Às 21:50 apenas alguns pequenos grupos de amigos, mas poucos minutos de depois já a sala se encontrava repleta. Os Club Makumba que nasceram do encontro entre Tó Trips (guitarra), João Doce (bateria), Gonçalo Prazeres (saxofone) e Gonçalo Leonardo (baixo e contrabaixo), entram em palco cerca de 20 minutos depois da hora marcada são recebidos entusiasticamente na bonita sala do B.Leza. O ritmo contagiante de Maragato preenche quase imediatamente qualquer espaço vazio com a vontade de dançar que se cola aos pés e ao corpo de quase todos os que se encontram ali. Janaina Calling e King Poejo, esta com uma guitarra bem mais marcante que as anteriores, entram logo de seguida, para então conhecermos Sulitânia. É inevitável não ligarmos o que estamos agora a ouvir com tudo o que ouvimos nas duas décadas anteriores vindo das mãos e do imaginário de Tó Trips, talvez neste momento a cara mais mediática dos Club Makumba, e Sulitânia parece ser mesmo essa ponte mais visível/audível, mas numa direção diferente. Para mim essa vida anterior é como se fosse um porto abrigo daqueles momentos de solidão no meio de multidões, mas esta nova vida a mim só me parece é que de repente toda a gente vai começar a dançar e a cantar a mesma música numa espécie de estranhíssimo flash mob em pleno Cais/Caos do Sodré em hora de ponta.

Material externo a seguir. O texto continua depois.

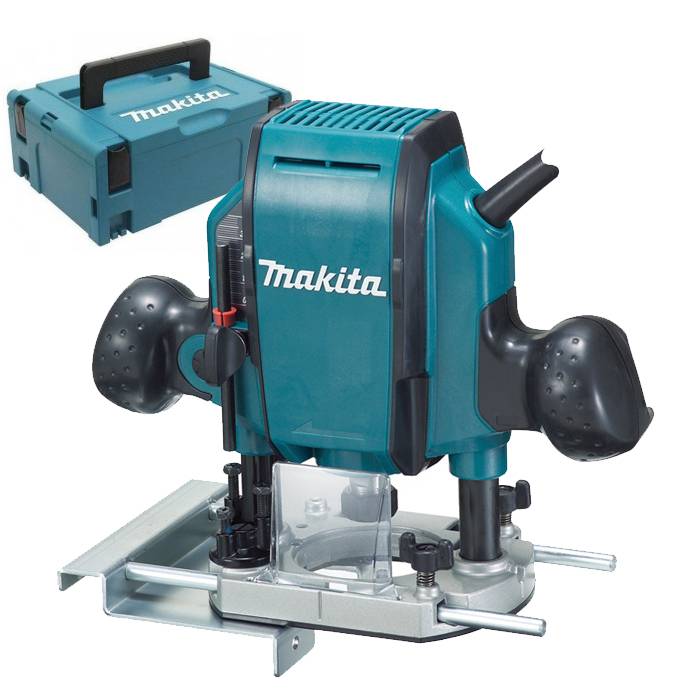 Makita - Défonceuse 900W 8mm + coffret MAKPAC - MAKITA - RP0900XJ - Image 1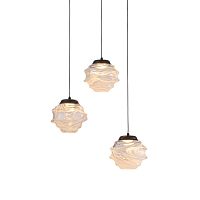 Подвесной светильник MD25030003-3A matt black/clear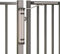 LOCINOX einstellbarer Türschließer Verticlose 2 Öffnungswinkel 90° / 180° Silber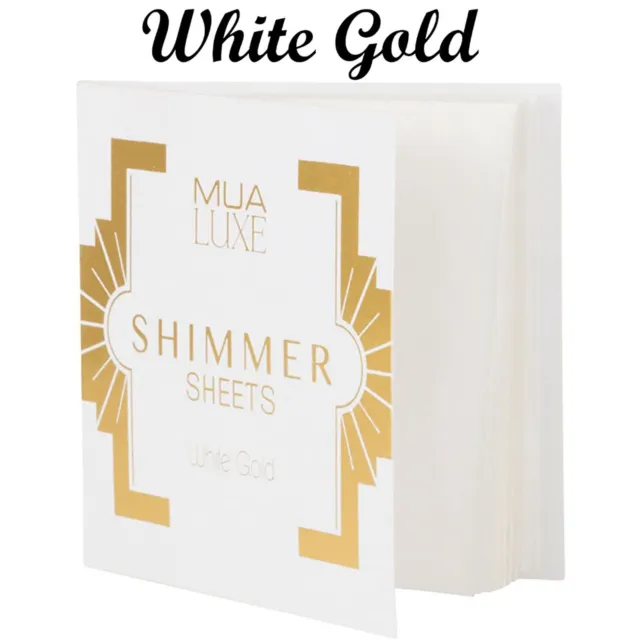 MUA Luxe Shimmer Highlighter Sheets - 40 Sheets - White Gold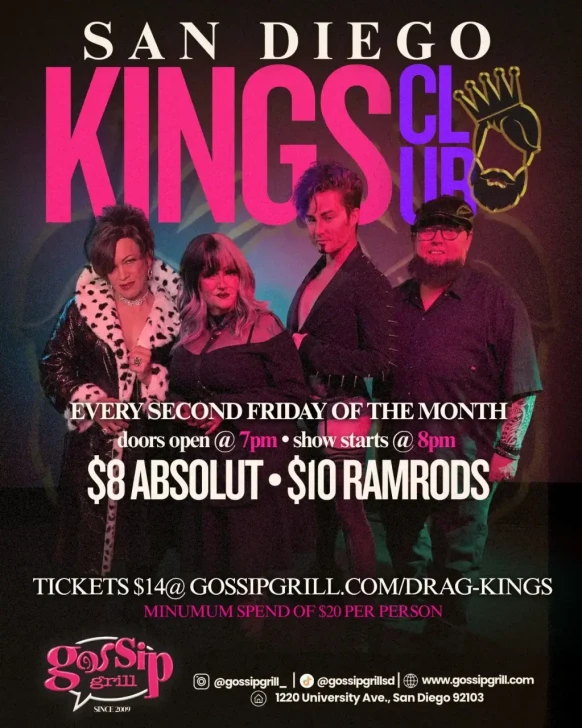 Kings Club Drag King Show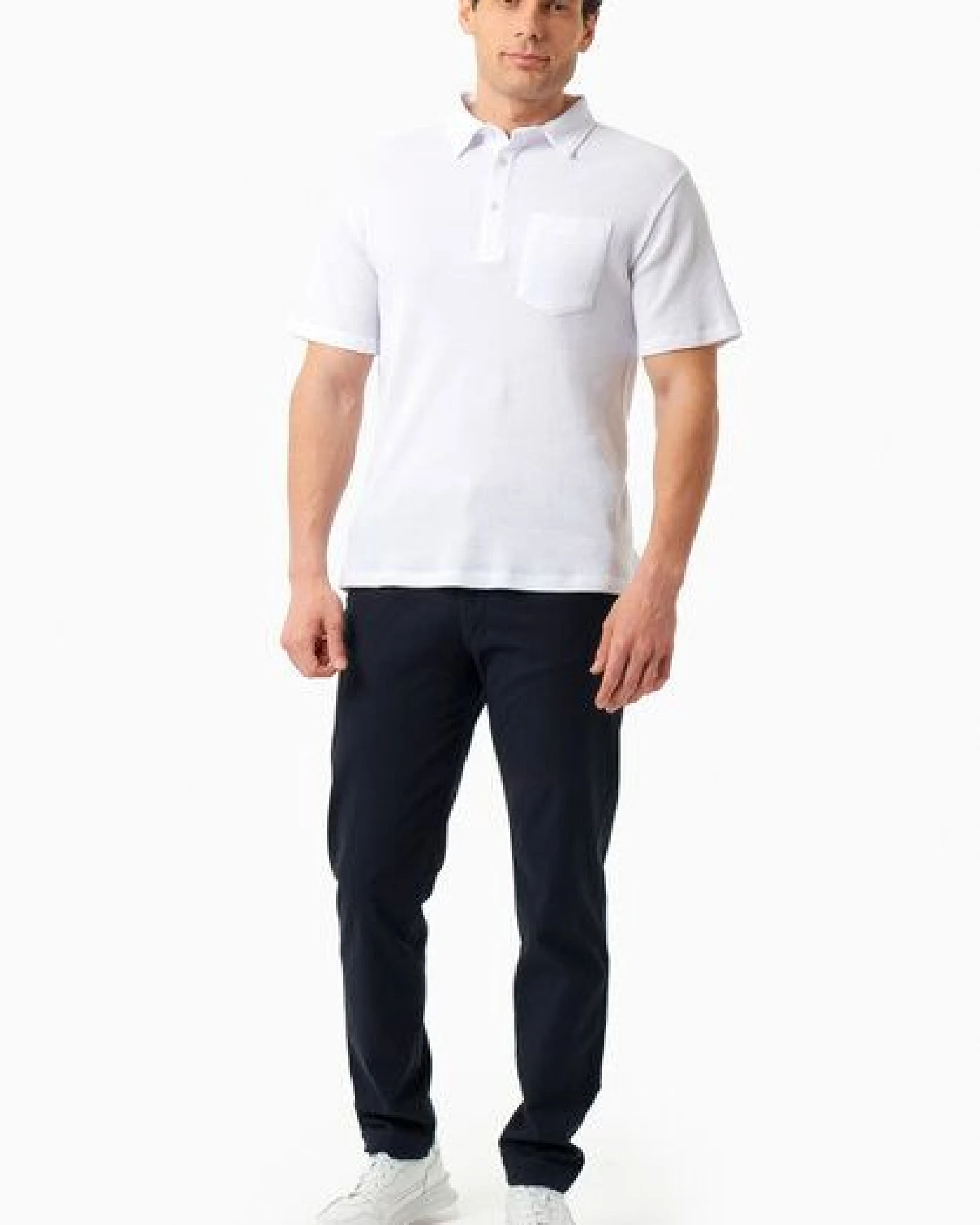 ORGANICATION Poloshirt aus Bio-Baumwolle mit Waffelstruktur – Ansicht 2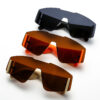 Wholesale PC Siamese Large Frame Wide Leg Sunglasses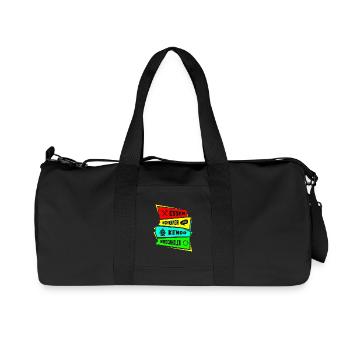 Essen Schlafen Kendo Wiederholen - Recycelte Canvas-Sporttasche von Stanley/Stella - Schwarz - Vorne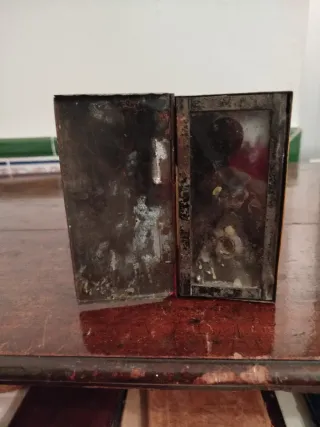 Palmatoria libro metal plegable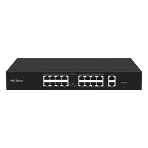 Коммутатор GIGALINK GL-SW-F005-16P, 16×100 Мбит/с PoE + 2×1 Гбит/с + 1×1 Гбит/с SFP, неуправляемый, фото4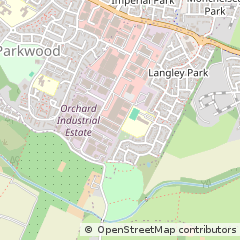 Map of Maidstone, Kent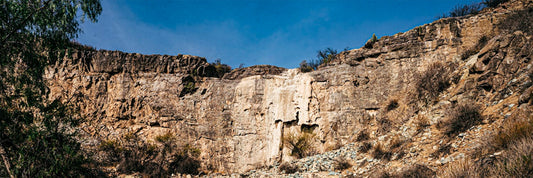 Cascada Petrificada ubicada en el sendero La Chiricoca, Parque La Giganta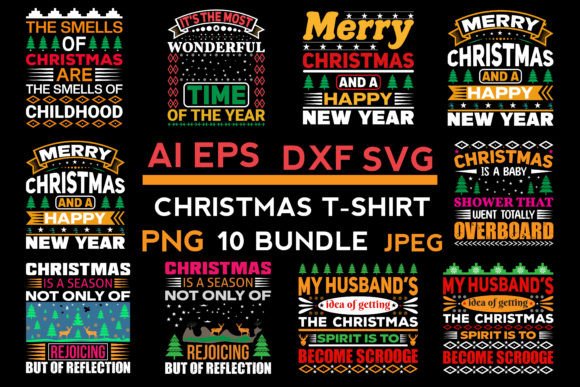 Download The BEST CHRISTMAS T-SHIRT BUNDLE 2022 - 2022 Collection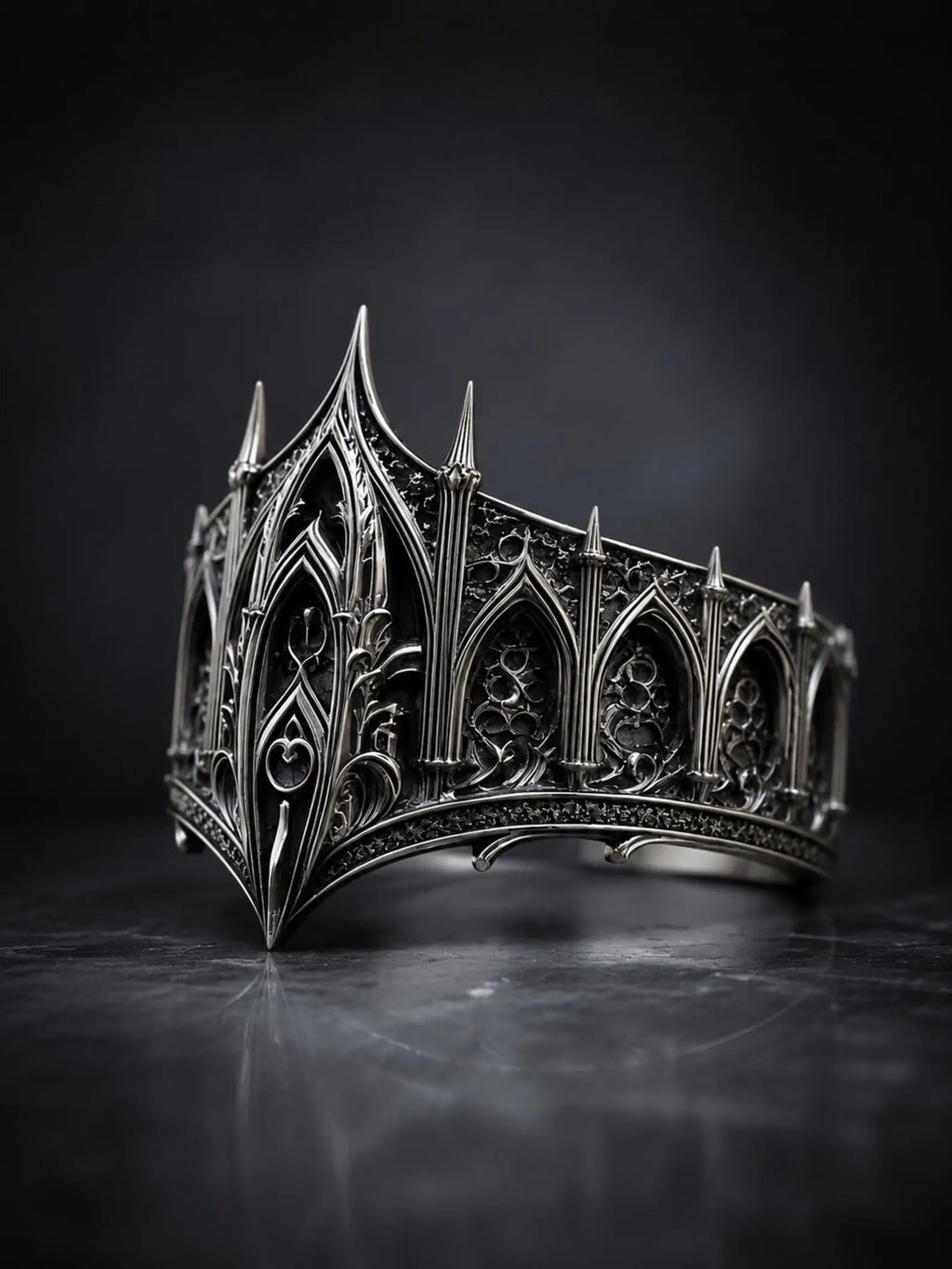 Gothic Cathedral Spire Crown Ring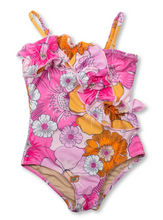 Load image into Gallery viewer, Blooming Hibiscus Ruffle One Piece Swimsuit
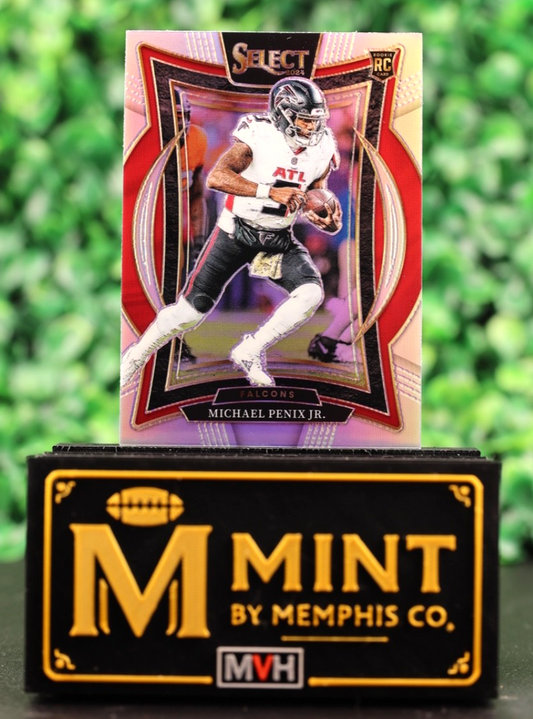 MICHAEL PENIX JR. 2024 PANINI SELECT - CONCOURSE #80 SILVER PRIZM (RC) FALCONS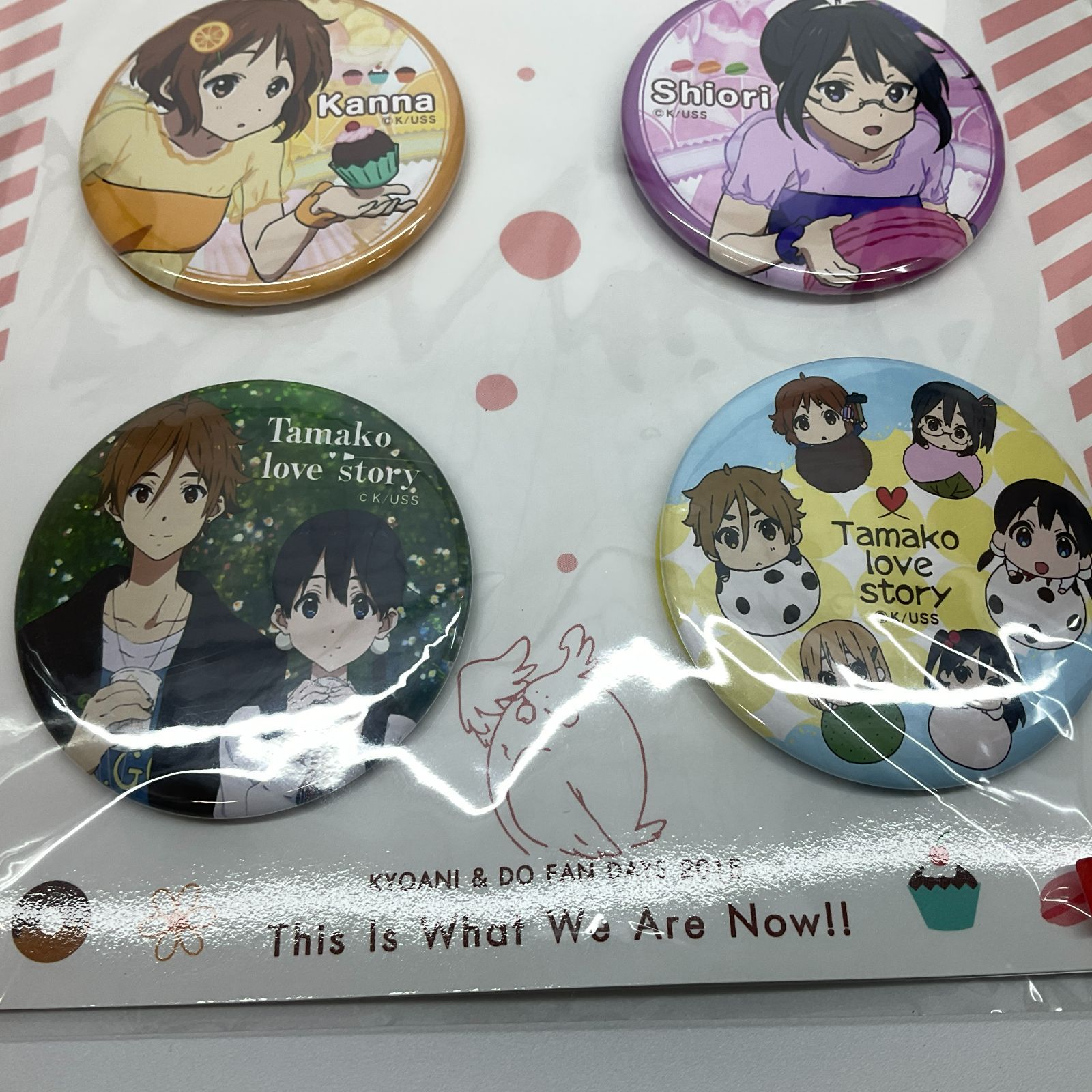 たまこまーけっと 缶バッジ 第2回京アニ＆DOファン感謝祭 たまこラブストーリー ☆ たまこまーけっと 缶バッジ 第2回京アニ＆DOファン感謝祭 たまこ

Cada um dos quatro parece imerso no seu próprio transe, quatro caminhos independentes que se fundiram no ritmo. A cada um de nós naquela sala sucedeu em momentos talvez o mesmo, em transe separando-nos uns dos outros para nos encontrarmos novamente mais adiante, sem perguntas, sem juízos.

© David Fonseca

A entrada do contrabaixo de Gonçalo Leonardo em Golden Shangai  leva-nos a fechar os olhos e entrar numa música que vai crescendo devagar até se instalar confortavelmente num ritmo ondulante e suave como quem mistura suavemente os ingredientes para uma qualquer poção mágica a abrir caminho para a alegria contagiante de Samba Catano, anunciado pelo grito entusiasta de João Doce para darmos de repente um salto atrás e revisitar Black Berbere e Danças, com Tugareg pelo meio. O concerto cresce e adensa-se pelas paisagens sonoras tão familiares mas ao mesmo tempo tão à frente do seu tempo, do nosso tempo. Ou não.

Na realidade a sonoridade dos Club Makumba é talvez tudo o que havíamos precogonizado e almejado no final do milénio passado mas que vemos ser constantemente deturpado por gente sem alma, a junção de gentes e sonoridades, a universalidade da música a globalização das sonoridades. E alma e mundo é coisa que não falta aqui. Basta ouvir os primeiros acordes de Alzáfama (junção de Alfama com azáfama? Será isso? Se não é, eu pelo menos consigo posicionar a azáfama daquele bairro naquele som, que depois ali no meio se transformam naquela melancolia tão familiar das casas velhas de Lisboa, velhas mas cheias de alma e vida). Cacimba, essa coisa tão nossa, como que um interlúdio junto ao rio, entra em nós devagarinho. Há encore? Claro que há. Joça a deixar brilhar mais uma vez o saxofone de Gonçalo Prazeres. Ainda tivemos mais um pouco do bom e do melhor dos Club Makumba (até porque não há mais nada) e saberá sempre a pouco, este travo de dança e saudade que agrega pessoas e faz completamente juz ao que os Club Makumba tão sabiamente nos incitam; “Dançar como acto de resistir!”